(RAW DATA Opens)

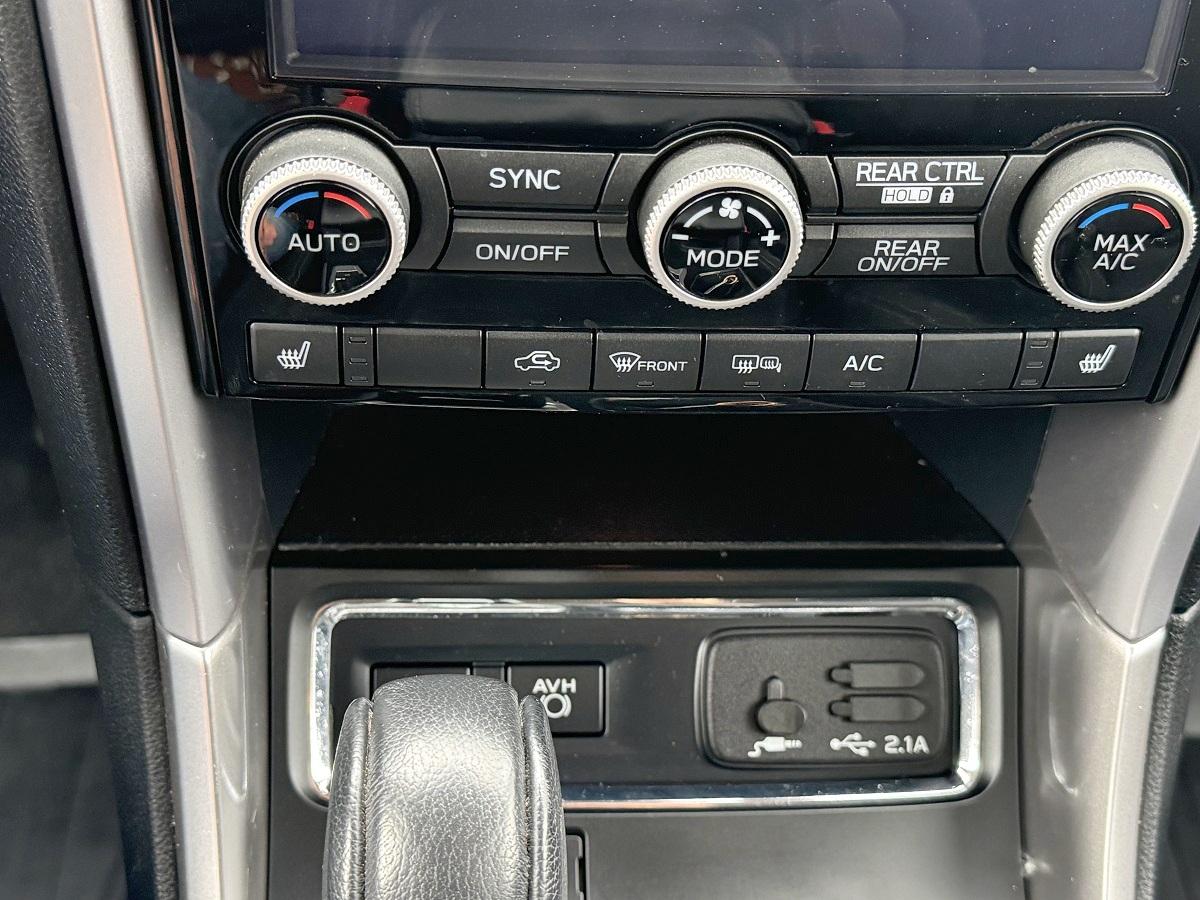 Subaru Ascent 2.4T Premium 8-Passenger 2019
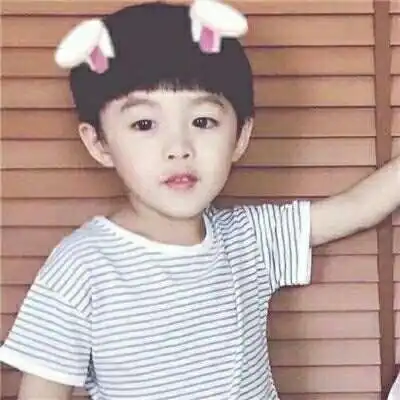  六一儿童节萌宝情头可爱不是长久之计,可爱我是长久之计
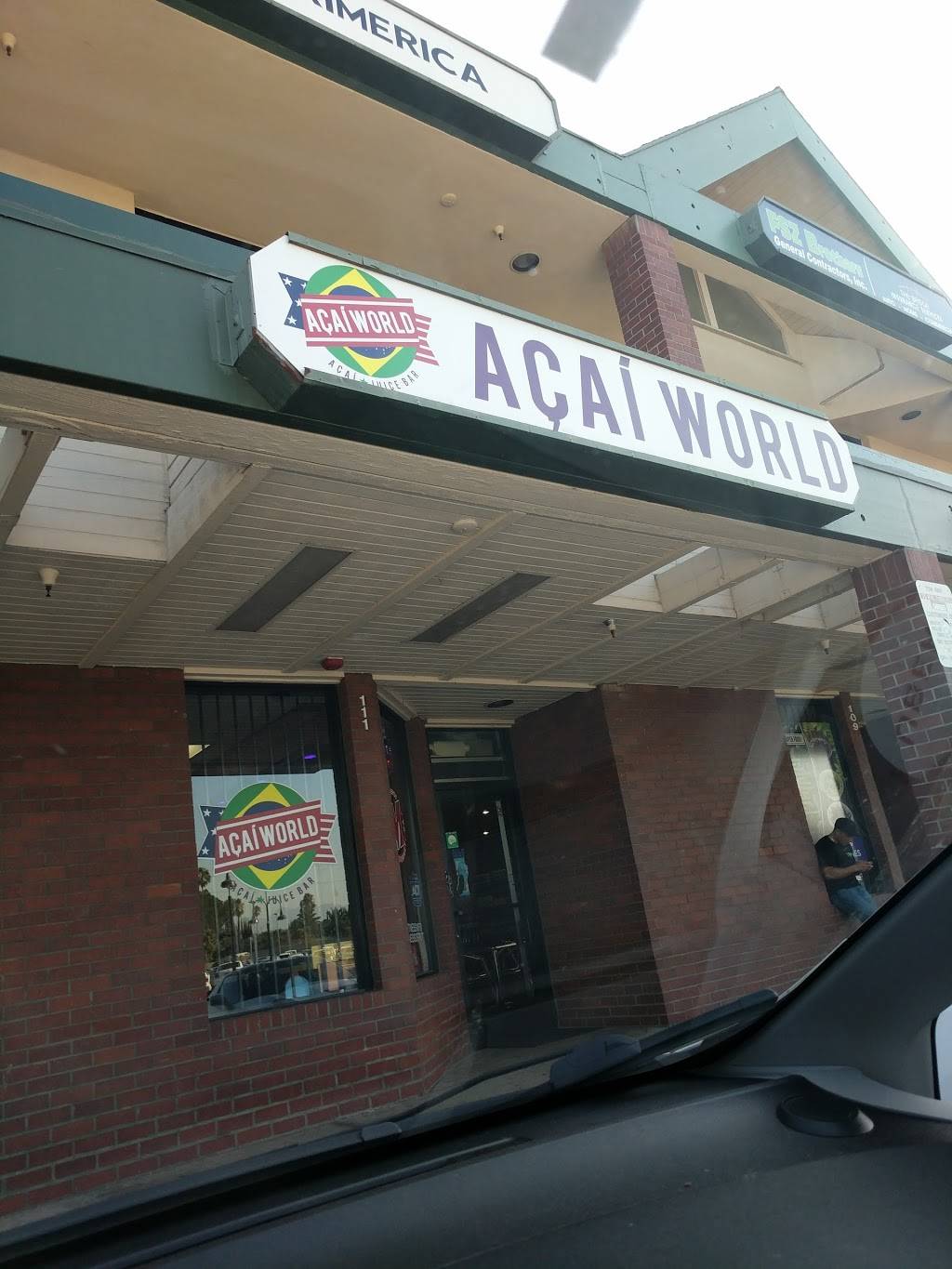 Acai World | restaurant | 7320 Firestone Blvd, Downey, CA 90241, USA | 5627536707 OR +1 562-753-6707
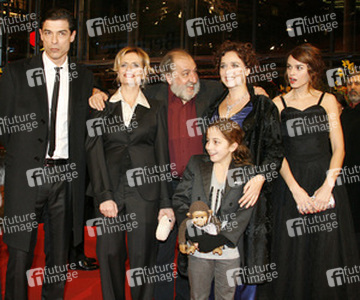 Alessandro Gassman, Isabella Ferrari, Antonello Grimaldi, Blu Yoshimi, Valeria Golino, Kasia Smutniak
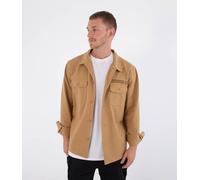 Hurley Men's Long-Sleeved Shirt - Kraft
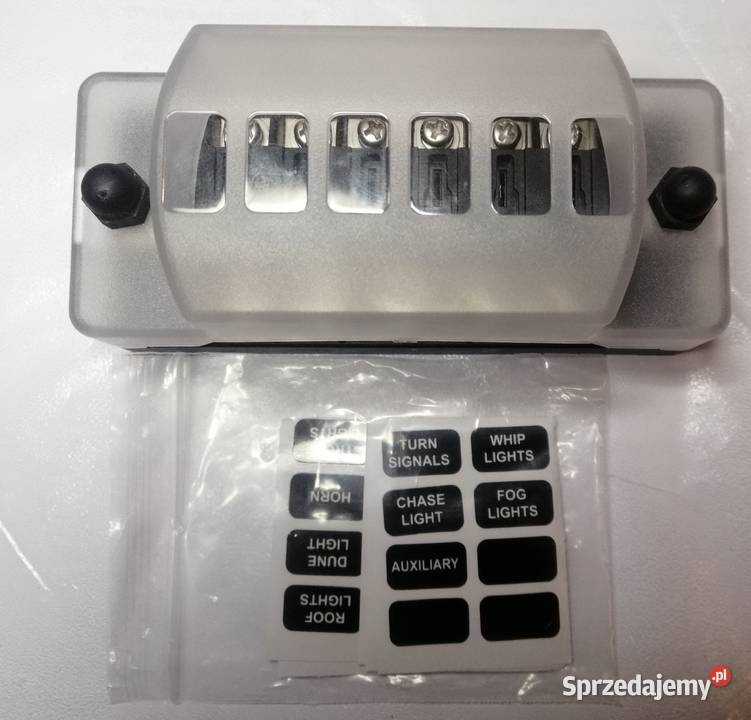 Skrzynka bezpiecznikowa Mińsk Mazowiecki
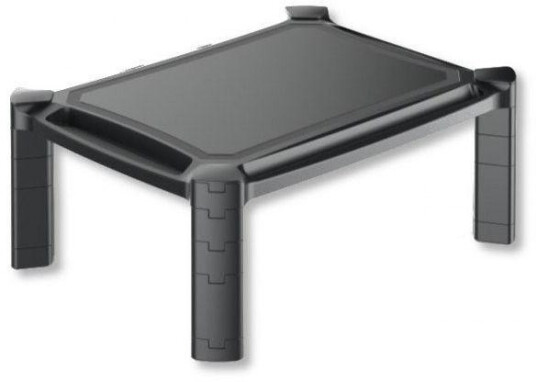 Techly 028474 Skjermstativ Opptil 32" Svart Techly 028474 Skjermstativ Opptil 32" Svart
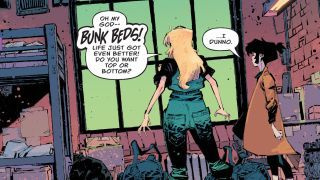 Batgirls #1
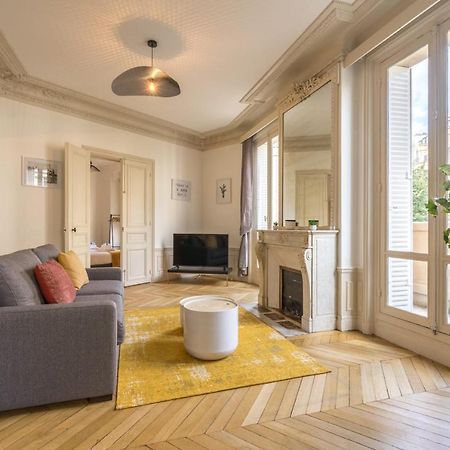 Charming Apartment Near Trocadero Paříž Exteriér fotografie
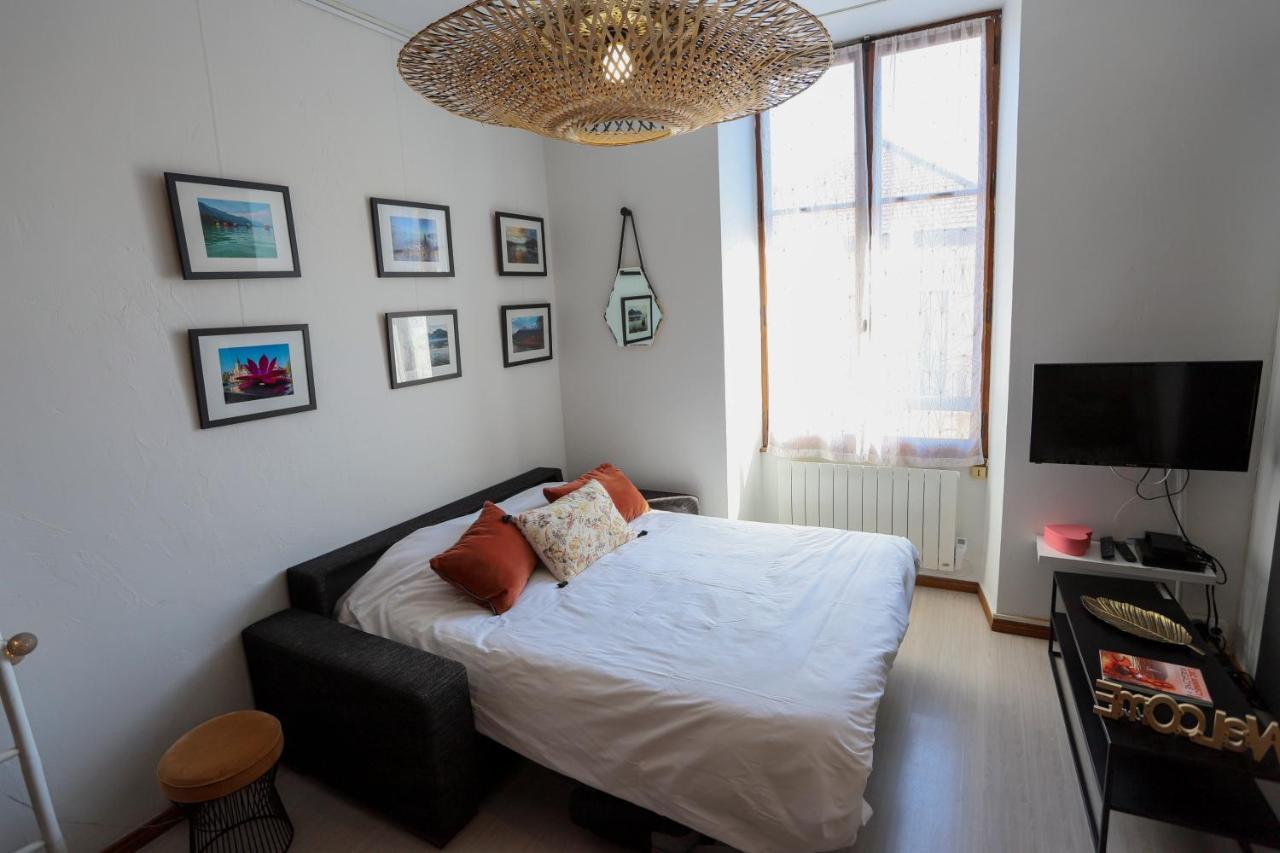 Royalement Bien ! Hyper-Centre - Wifi - Netflix - Disney Plus Annecy Exteriér fotografie
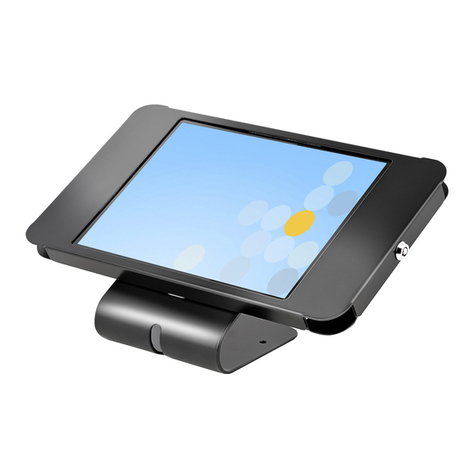 StarTech.com SECTBLTPOS2 user manual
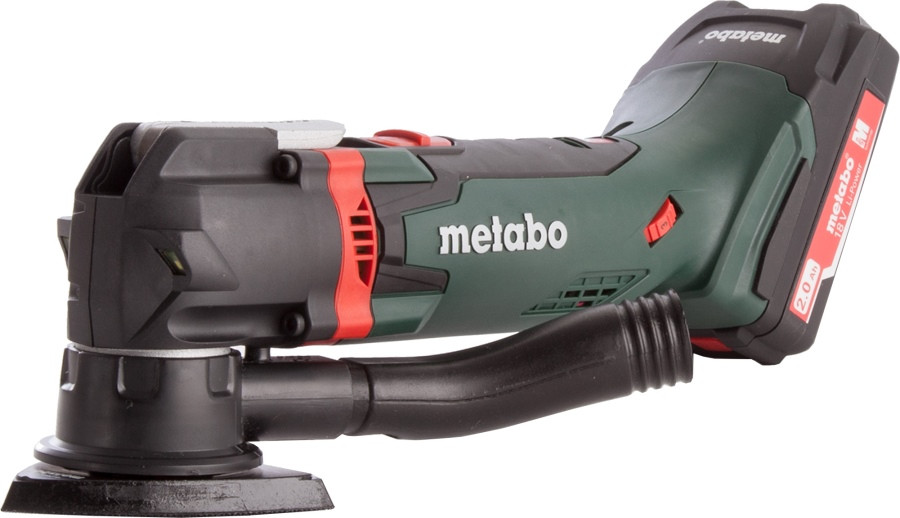 Реноватор Metabo MT 18 LTX Compact 613021510
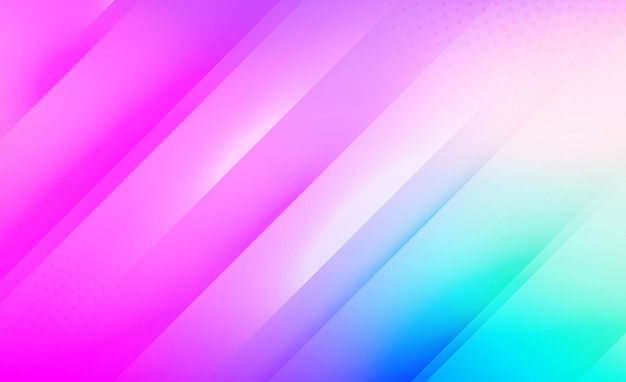 Kleurige vectorgradiënt Abstracte achtergrond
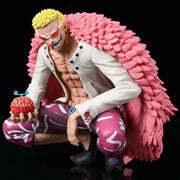 Figurine One Piece Donquixote Doflamingo - Magasin Manga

(RAW DATA Closes)

Write out exactly the lines from the line that contains "Kleurige vectorgradiënt Abstracte" through the end of the material, including both ends. No pictures belong in the copy.

**WRITTEN ANSWER:**
 Kleurige vectorgradiënt Abstracte achtergrond
 Figurine One Piece Donquixote Doflamingo - Magasin Manga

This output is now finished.